:: Data extracts ::
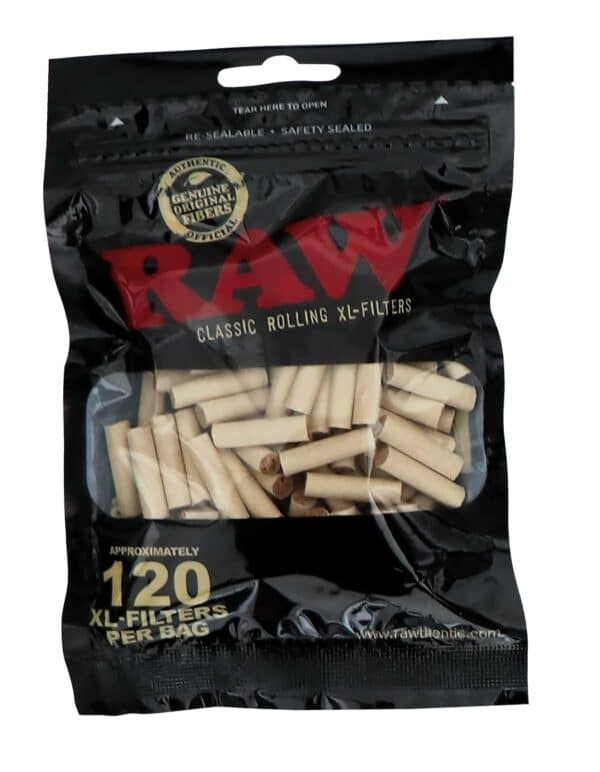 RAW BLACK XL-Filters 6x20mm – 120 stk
:::
:: Data extracts ::
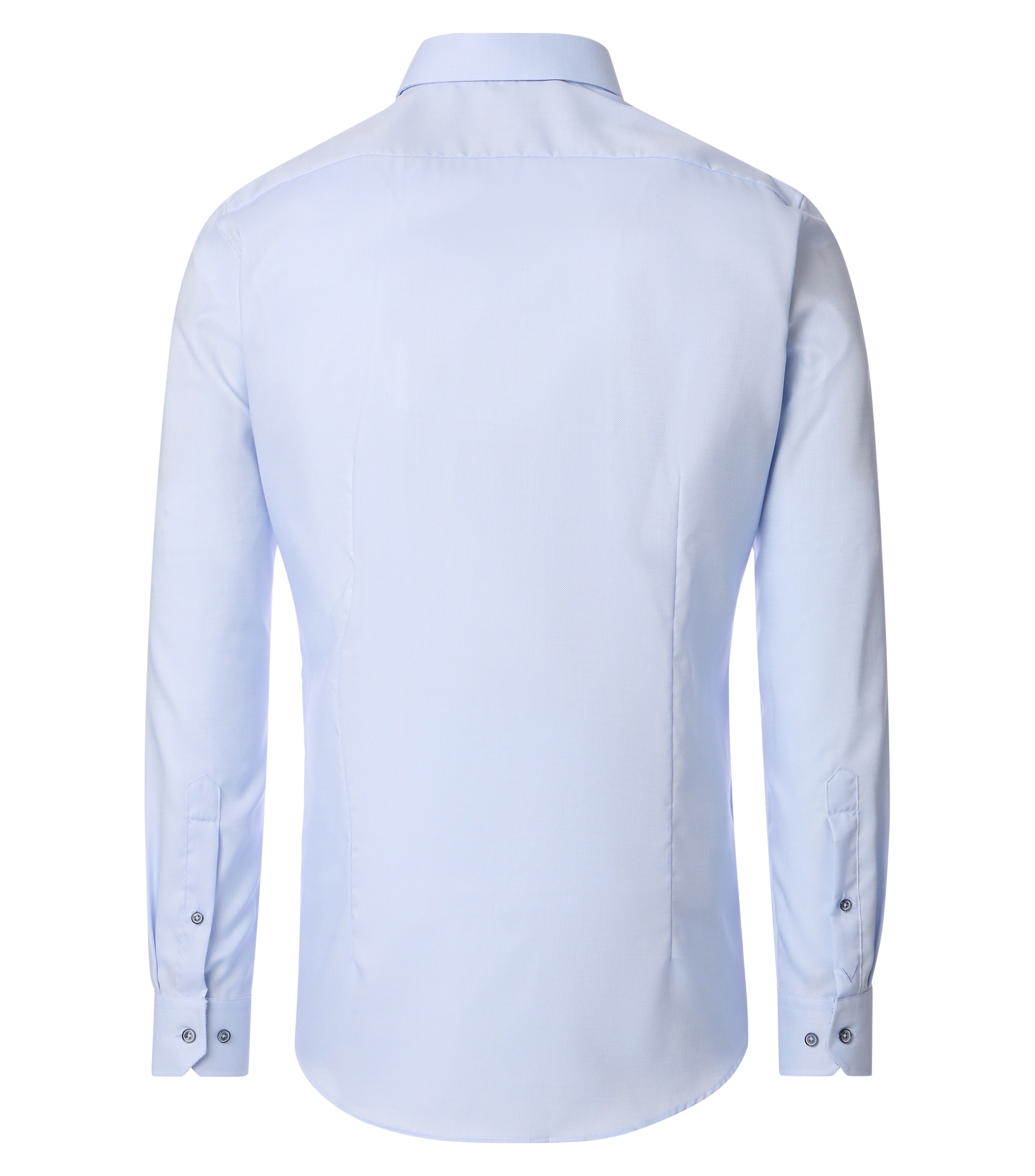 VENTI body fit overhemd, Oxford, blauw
:::
:: Data extracts ::
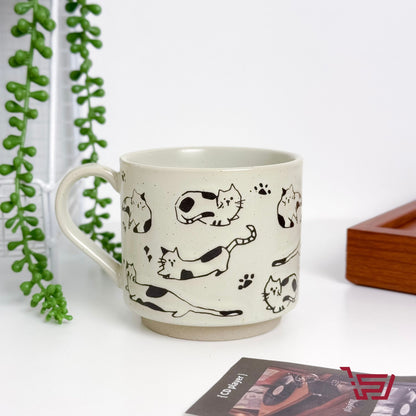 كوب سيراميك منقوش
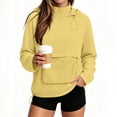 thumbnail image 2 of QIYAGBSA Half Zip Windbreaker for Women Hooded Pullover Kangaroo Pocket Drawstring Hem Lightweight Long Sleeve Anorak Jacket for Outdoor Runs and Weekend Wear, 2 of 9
:::
• **What is expected**: Please repeat the lines of the material above exactly, starting with the line that contains "كوب سيراميك منقوش" and ending with the line that contains "thumbnail image 2". Leave the pictures out.

• **Reply**:
 كوب سيراميك منقوش
 thumbnail image 2 of QIYAGBSA Half Zip Windbreaker for Women Hooded Pullover Kangaroo Pocket Drawstring Hem Lightweight Long Sleeve Anorak Jacket for Outdoor Runs and Weekend Wear, 2 of 9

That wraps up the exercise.